I don't own a printer. Somehow, I overlooked that small detail when buying a computer last year. But how often, I asked myself, will I really need to print things out?

A lot, it turns out. So I often frequent the computer labs here on campus. Here, you've got the choice of using a PC or using a Mac. But how do you choose? As most of us have PCs at home, we usually equate them with familiarity and ease of use.

Macs, on the other hand, are unfamiliar and perceived to be difficult. Most of the time these designations work.

But during rush hour, the PCs in the labs become saturated. Now, as new students walk in, they are presented with the choice of waiting in line (sometimes for 10 to 20 minutes) for a PC or hopping on a Mac.

I've noticed that about 90 percent of the time people opt for the former. As I'm already sitting at a Mac, I kind of laugh to myself, because I know virtually all of the applications these people need -- an Internet browser, MS Word, access to their U-drive -- can be accessed right from where I'm sitting.

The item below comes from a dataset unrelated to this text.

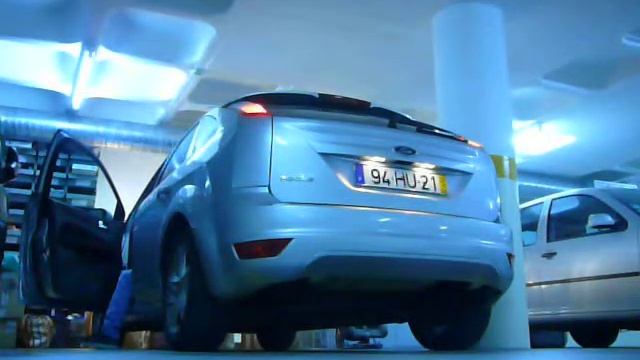 Ford Focus 1.4 Sport sound ( Cold start ) смотреть онлайн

And as far as operating systems go, in spite of the popular opinion that they're like night and day, there is really little difference between Microsofts and Apples.

In fact, Windows' graphical interface was modeled from Mac's. With perhaps the incentive of a banana, I'm sure a monkey trained on Windows could learn to use a Mac in the time it would take him to throw feces at another monkey.

But even though switching is this simple, people just can't seem to get past their initial perceptions, even if it's to their advantage.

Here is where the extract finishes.